I received constructive criticism of my work, which I used to improve it. Also, I was able to interact with other students and researchers in my field and to gain valuable professional connections,” said Laguna Peralta, who received his PhD. from Purdue in 2012. “Other benefits of the fellowship include the opportunity to visit and present research to a variety of organizations. This helps in finding collaborators in labs or companies outside your University and in making connections for a future job.”
The fellowship introduced Mark Hoemmen to the Supercomputing Conference (SC) and opened his eyes to the breadth and vitality of the HPC community. Hoemmen, a specialist in architecture-aware iterative linear solvers, currently works at Sandia National Laboratories in New Mexico.

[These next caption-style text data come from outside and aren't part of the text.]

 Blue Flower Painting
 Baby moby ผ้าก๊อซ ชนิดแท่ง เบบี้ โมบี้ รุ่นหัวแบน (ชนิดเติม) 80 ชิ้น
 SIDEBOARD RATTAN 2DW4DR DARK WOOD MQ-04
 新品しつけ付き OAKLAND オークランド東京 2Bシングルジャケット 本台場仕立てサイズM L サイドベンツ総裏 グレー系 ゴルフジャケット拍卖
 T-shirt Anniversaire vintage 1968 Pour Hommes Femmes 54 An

Had I not received the Fellowship, I might not have attended the conference until later in my career, and I might have missed out on seeing how grand and dynamic the field of HPC is,” said Hoemmen, a 2008 fellow from UC Berkeley. “It struck me how much interest industry has in the conference, not just as vendors of HPC technology, but also as consumers. This helped me better understand industry’s interest in HPC, which has served me well in my current responsibility as a central developer of a popular open-source scientific software product.”
Sponsored by the ACM and the IEEE-CS, the George Michael fellowship seeks to address the critical issue of training the next generation of high performance computing scientists and engineers.
The late George Michael, a computational physicist at Lawrence Livermore, was a founder of the annual supercomputing conference (SC), which is now in its 25th year. Michael, who died in 2008, is remembered for his ability to bring together diverse talent from academia, industry and national labs to advance HPC.
To qualify, applicants must be enrolled in a full-time PhD program at an accredited college or university and are expected to have completed at least one year of study in their doctoral program. Women, minorities, and all who contribute to workforce diversity are encouraged to apply.